WHAT YOU HAVE TO DO
Beneath this line are entries. Copy the range from the line with "Dunkelgrüne Sonnenschutz Gesichtsmaske" to the line with "A chess problem", ends included, exactly; leave pictures out.

DATA
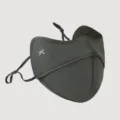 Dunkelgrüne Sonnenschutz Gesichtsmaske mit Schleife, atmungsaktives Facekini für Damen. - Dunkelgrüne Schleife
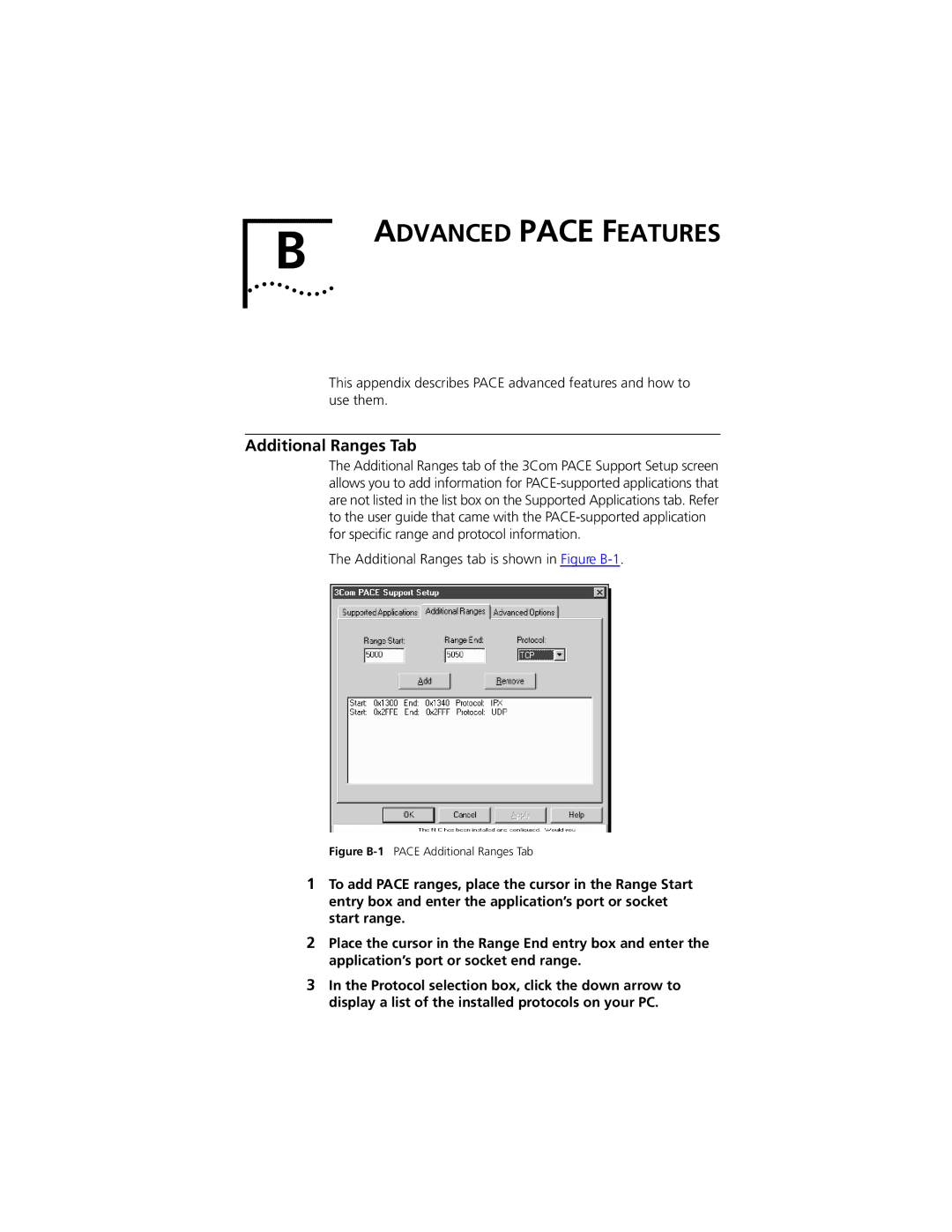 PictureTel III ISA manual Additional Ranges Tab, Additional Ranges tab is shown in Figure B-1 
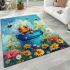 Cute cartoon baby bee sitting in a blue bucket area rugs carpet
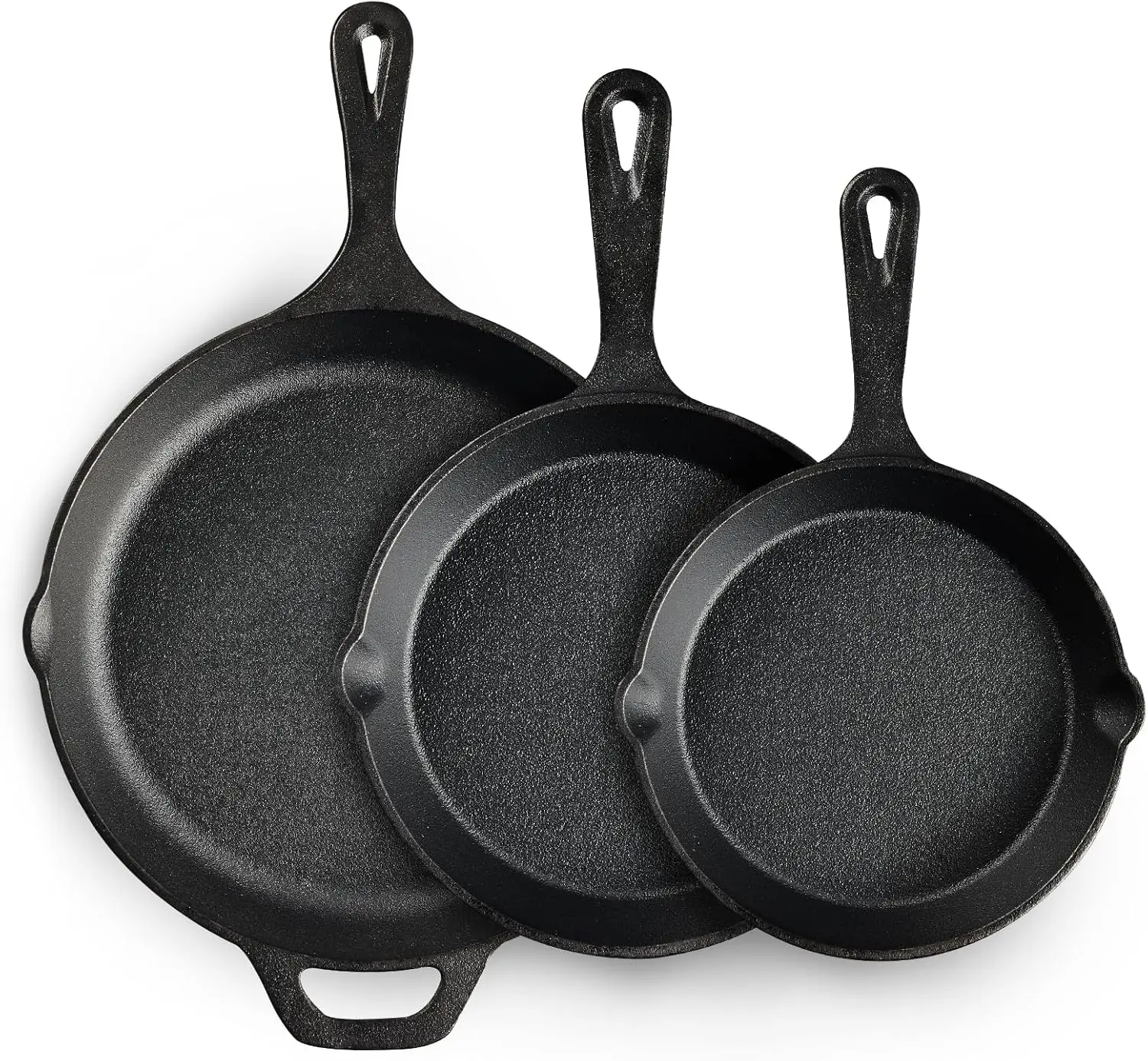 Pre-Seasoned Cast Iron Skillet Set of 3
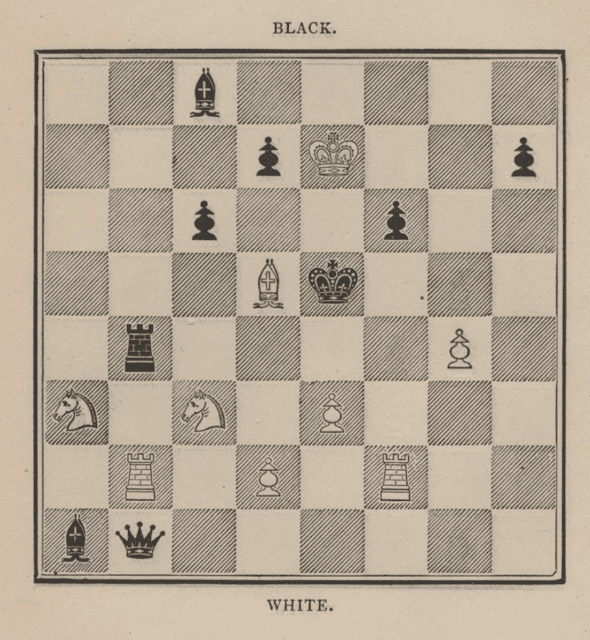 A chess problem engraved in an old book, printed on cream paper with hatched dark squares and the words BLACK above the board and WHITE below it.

--

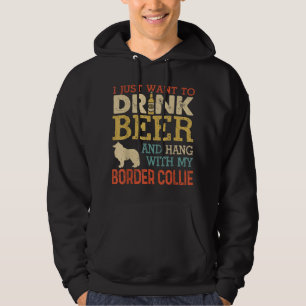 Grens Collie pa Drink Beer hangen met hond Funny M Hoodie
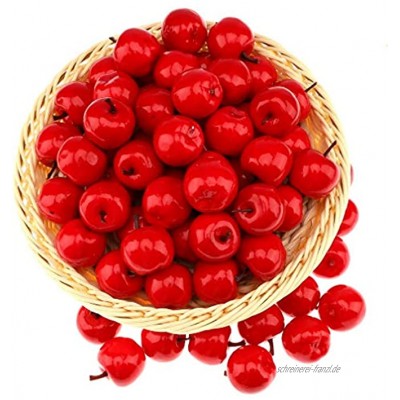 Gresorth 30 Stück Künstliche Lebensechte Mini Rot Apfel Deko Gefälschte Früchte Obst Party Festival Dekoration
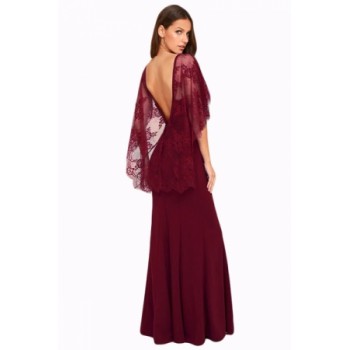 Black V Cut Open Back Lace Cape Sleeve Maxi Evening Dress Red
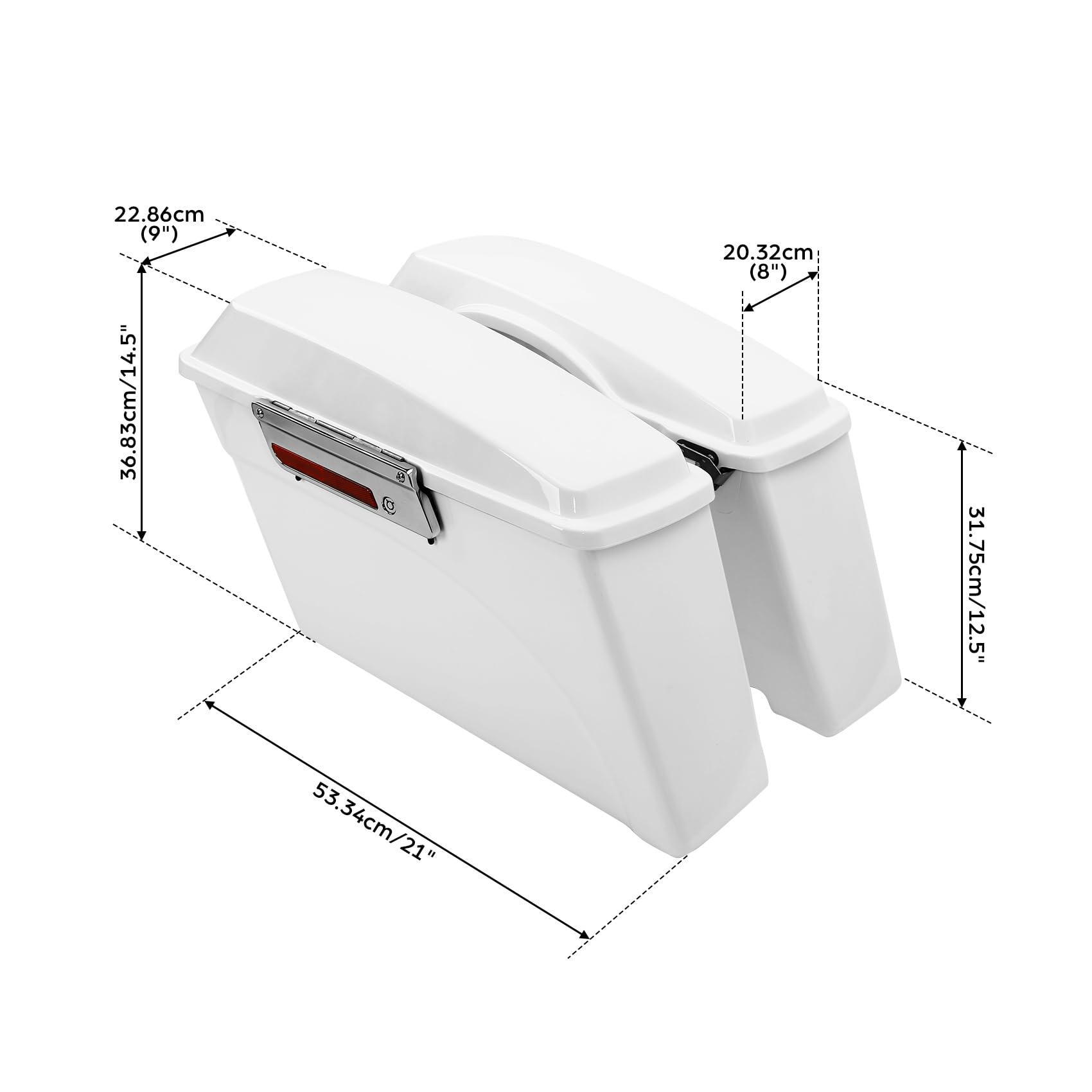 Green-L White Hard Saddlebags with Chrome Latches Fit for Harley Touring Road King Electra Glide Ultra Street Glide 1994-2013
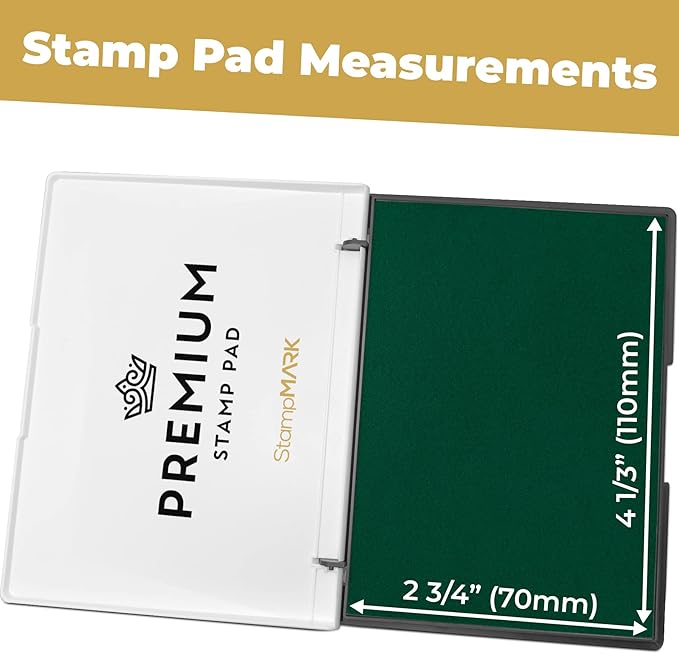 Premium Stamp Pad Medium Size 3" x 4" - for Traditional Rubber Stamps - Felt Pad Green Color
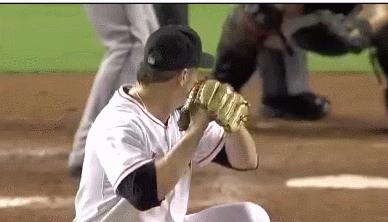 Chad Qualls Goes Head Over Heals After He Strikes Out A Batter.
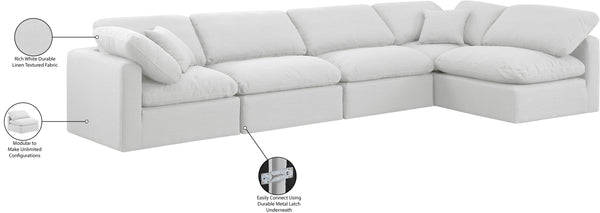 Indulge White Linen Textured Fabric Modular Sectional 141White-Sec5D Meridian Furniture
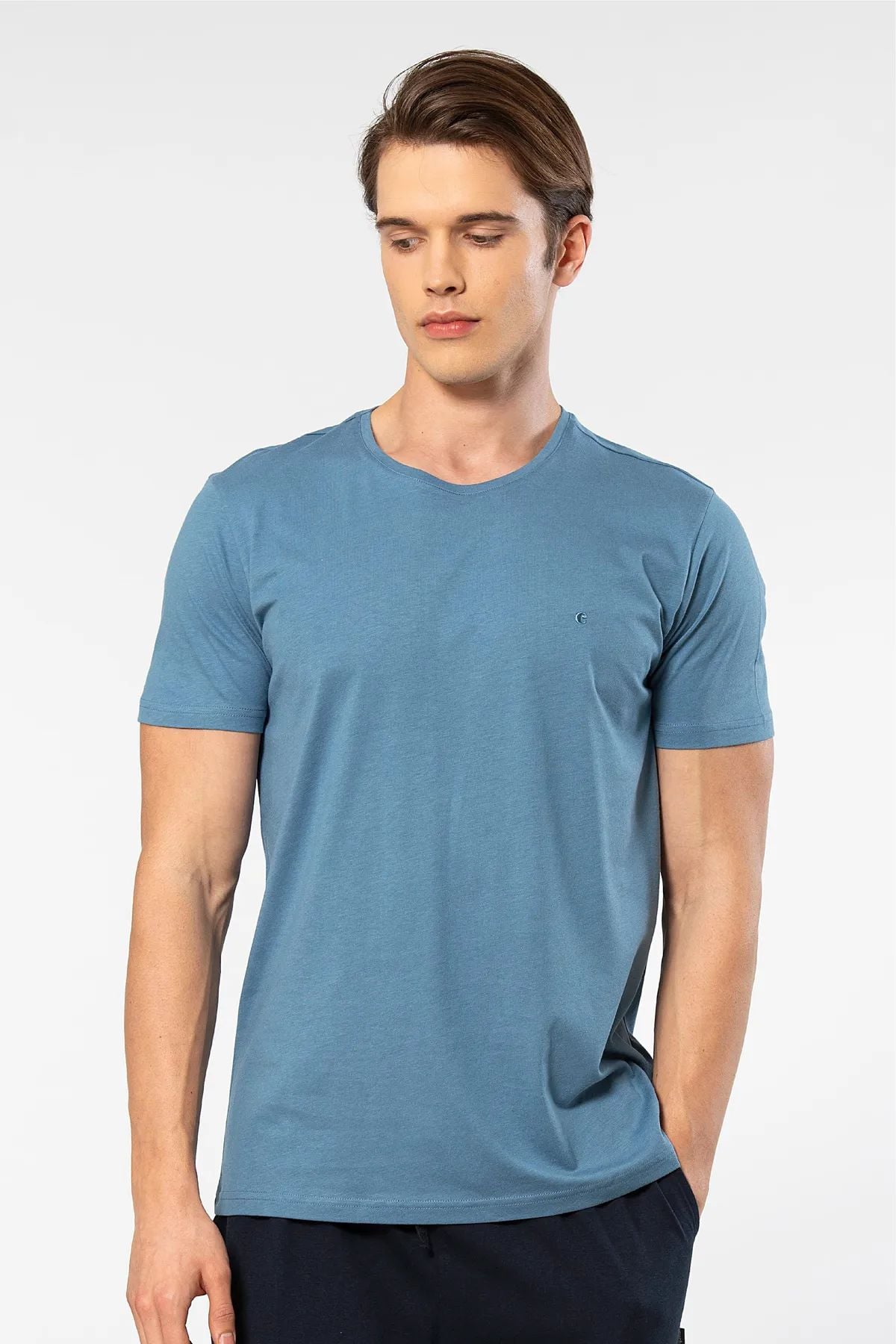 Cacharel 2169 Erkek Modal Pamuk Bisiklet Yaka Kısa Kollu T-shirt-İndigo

* * *

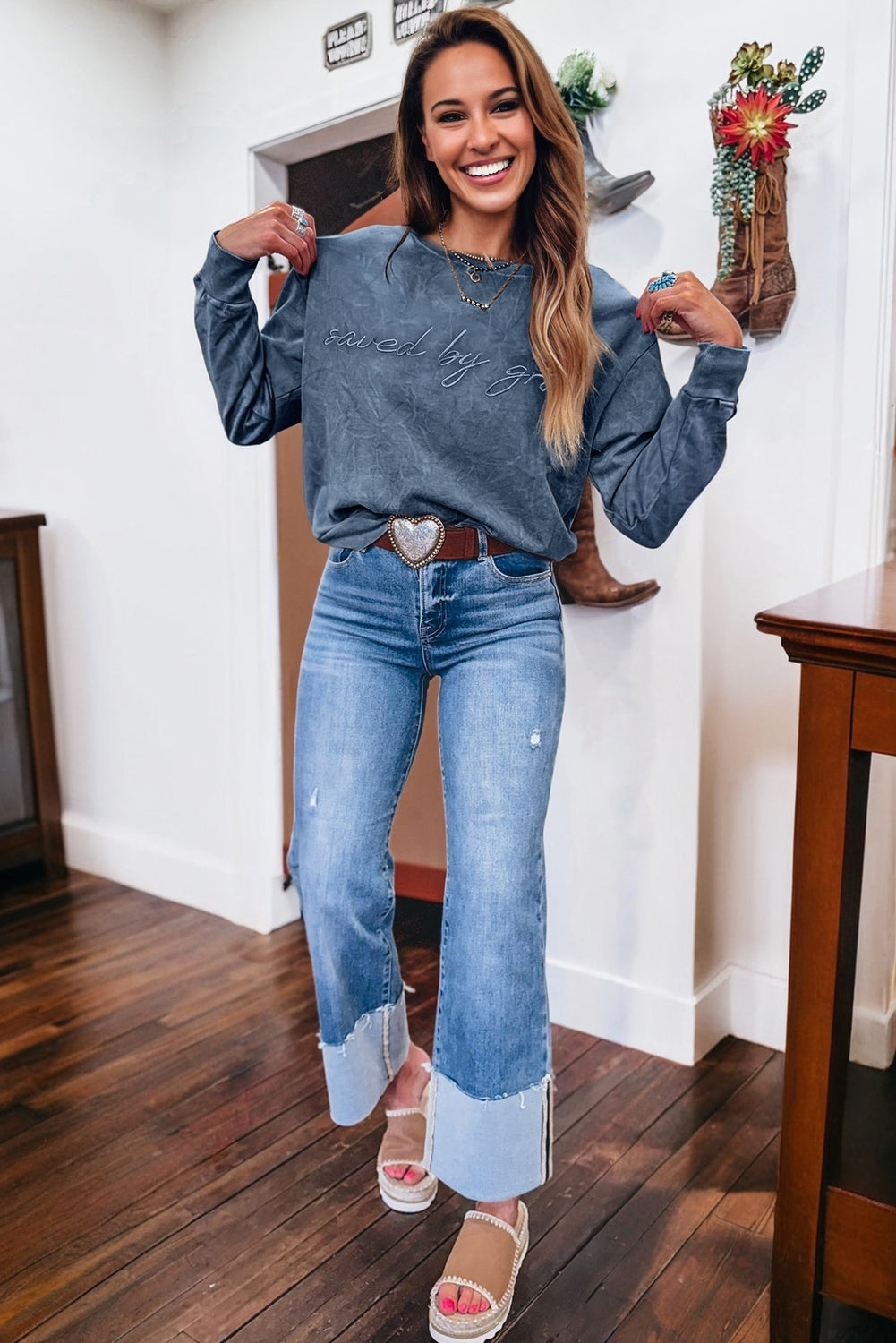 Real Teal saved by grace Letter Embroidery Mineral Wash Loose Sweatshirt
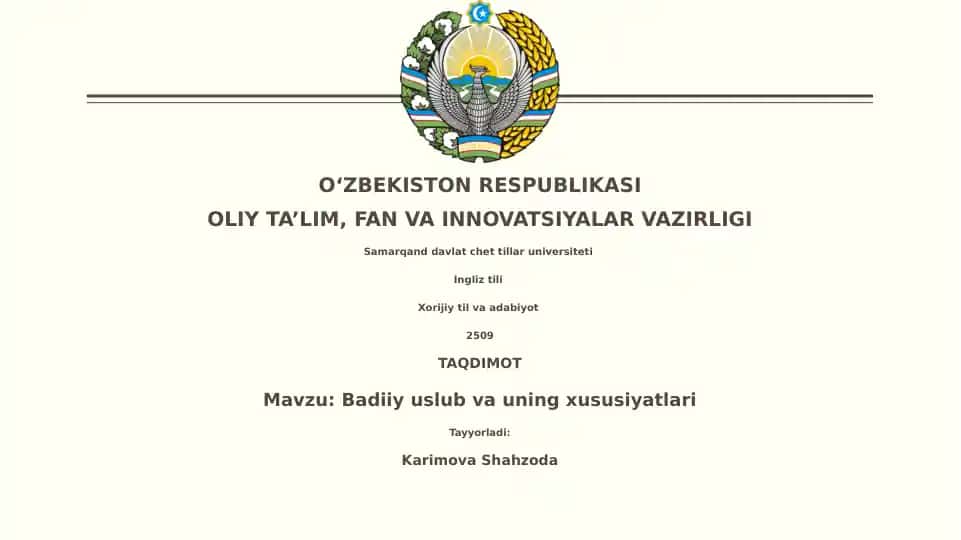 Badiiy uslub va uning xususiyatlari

FINISHED EXERCISE
 Dunkelgrüne Sonnenschutz Gesichtsmaske mit Schleife, atmungsaktives Facekini für Damen. - Dunkelgrüne Schleife
 PictureTel III ISA manual Additional Ranges Tab, Additional Ranges tab is shown in Figure B-1 
 Cute cartoon baby bee sitting in a blue bucket area rugs carpet
 Pre-Seasoned Cast Iron Skillet Set of 3
 A chess problem engraved in an old book, printed on cream paper with hatched dark squares and the words BLACK above the board and WHITE below it.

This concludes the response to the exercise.